William Howard Taft High School is a former New York City high school in the southwest section of the Bronx, whose building now houses small specialized high schools. The school was operated by the New York City Department of Education.

The Taft school campus is located on Sheridan Avenue and 172nd Street in the Bronx.

History 
Founded in the 1940s, Taft originally served the largely homogeneous population of the surrounding area. In the post-war years of the forties, fifties and sixties. Notable graduates included director Stanley Kubrick, producer Jerry Weintraub, novelist Judith Rossner, and singers Eydie Gormé, Chuck Negron, Luther Vandross and Alan Merrill.

Demographic and the advent of specialized magnet schools brought about shifts in enrollment. During the Abraham Beame (1974–1977) and Edward Koch (1978–1989) administrations, citywide, crime rates were high and unfavorable publicity accelerated the decline of the school. By the early 1970s, Taft H.S. earned a reputation as a "failing school" with many of the problems of other high schools in poor, marginalized neighborhoods in New York City.

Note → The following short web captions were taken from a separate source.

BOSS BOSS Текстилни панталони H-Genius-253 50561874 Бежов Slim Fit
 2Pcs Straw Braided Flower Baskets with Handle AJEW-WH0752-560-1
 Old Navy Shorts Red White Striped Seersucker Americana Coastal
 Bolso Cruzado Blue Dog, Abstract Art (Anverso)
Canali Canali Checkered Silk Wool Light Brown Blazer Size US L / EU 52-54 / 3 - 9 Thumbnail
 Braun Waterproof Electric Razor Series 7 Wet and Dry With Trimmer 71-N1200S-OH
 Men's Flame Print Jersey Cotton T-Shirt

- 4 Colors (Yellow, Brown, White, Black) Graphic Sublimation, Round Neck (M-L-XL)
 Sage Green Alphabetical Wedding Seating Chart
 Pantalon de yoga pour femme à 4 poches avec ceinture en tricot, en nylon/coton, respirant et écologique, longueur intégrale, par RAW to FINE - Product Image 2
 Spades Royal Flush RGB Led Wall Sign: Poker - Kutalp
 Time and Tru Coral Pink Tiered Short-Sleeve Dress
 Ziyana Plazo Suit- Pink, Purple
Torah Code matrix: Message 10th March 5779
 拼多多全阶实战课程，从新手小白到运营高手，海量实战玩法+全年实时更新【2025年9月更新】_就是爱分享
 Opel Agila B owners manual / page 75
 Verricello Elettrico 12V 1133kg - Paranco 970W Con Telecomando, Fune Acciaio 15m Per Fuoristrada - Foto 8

Entering the 1990s, as a non-selective high school, it was unable to compete with the newer schools housing magnet programs that attracted prime students from throughout the borough. Crime intimidated vibrant young professionals from teaching at the high school. The danger was highlighted in May 1997, when Jonathan Levin, an English teacher at the school and the son of former Time Warner chairman Gerald M. Levin, was murdered by a former student in his Manhattan apartment.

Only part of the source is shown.